[Exercise details]
Give back the full listing, character for character, with no pictures.

+++ Recorded information

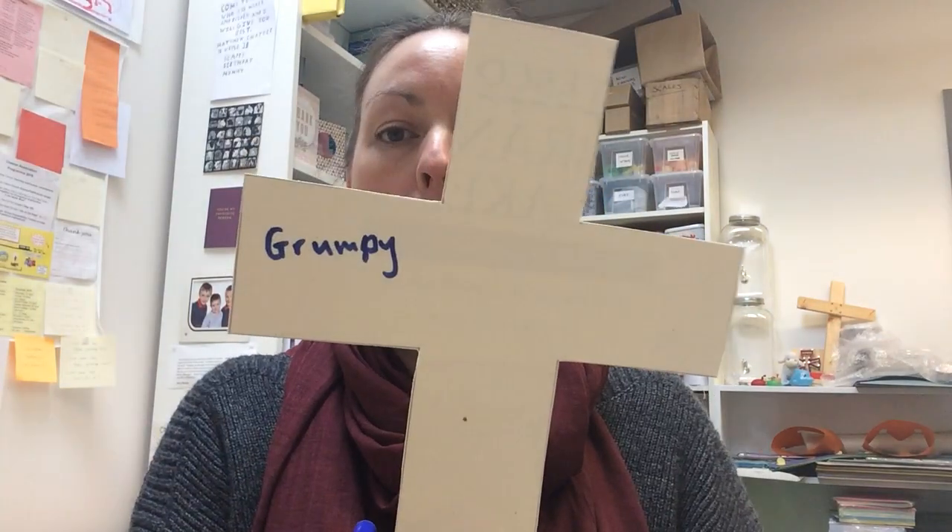What I suggest you do now is take some time, get some pens or pencils, and write some of the things down on your cross that you've done wrong. I'm going to put 'grumpy' on here, because I've been particularly grumpy this week with my children and my husband, to be fair. We're all getting a bit grumpy, aren't we?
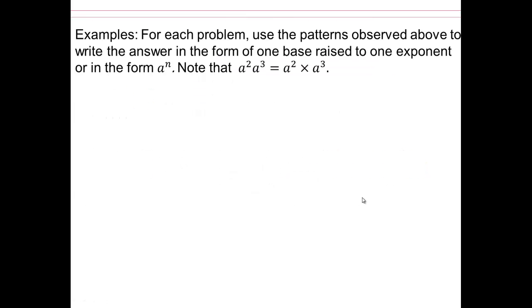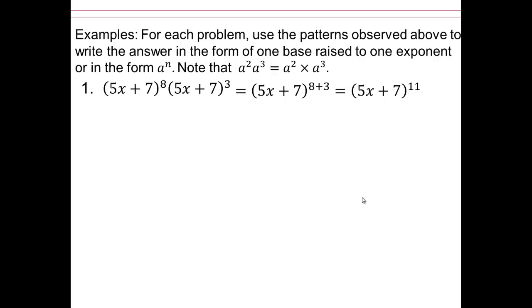Here are some other things we can look at. For each of the problems, use the patterns you just observed and see if you can rewrite them. Pause the video and rewrite it. You're going to end up with (5x+7) to the power of 11. For the next one: 3 to the second and 3 to the 5th — there are 7 threes in the bracket. Now you have 3 to the 7th twice, so that will end up with 3 to the 14th.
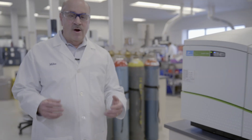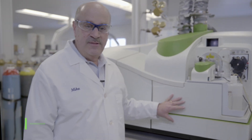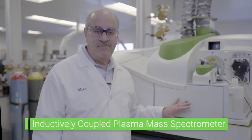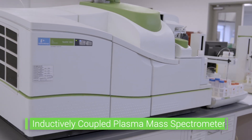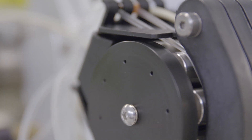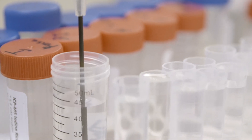Another thing that we always want to check for are heavy metals, which come from the soil and go into the plants — bad heavy metals, things like lead and mercury. This is an instrument called an inductively coupled plasma mass spectrometer and it can find heavy metals down to the part per billion level. It's extremely sensitive, and this is a way that we can make sure that your products are as clean as they could possibly be.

++++++

[Task answer]
What I suggest you do now is take some time, get some pens or pencils, and write some of the things down on your cross that you've done wrong. I'm going to put 'grumpy' on here, because I've been particularly grumpy this week with my children and my husband, to be fair. We're all getting a bit grumpy, aren't we?
Here are some other things we can look at. For each of the problems, use the patterns you just observed and see if you can rewrite them. Pause the video and rewrite it. You're going to end up with (5x+7) to the power of 11. For the next one: 3 to the second and 3 to the 5th — there are 7 threes in the bracket. Now you have 3 to the 7th twice, so that will end up with 3 to the 14th.
Another thing that we always want to check for are heavy metals, which come from the soil and go into the plants — bad heavy metals, things like lead and mercury. This is an instrument called an inductively coupled plasma mass spectrometer and it can find heavy metals down to the part per billion level. It's extremely sensitive, and this is a way that we can make sure that your products are as clean as they could possibly be.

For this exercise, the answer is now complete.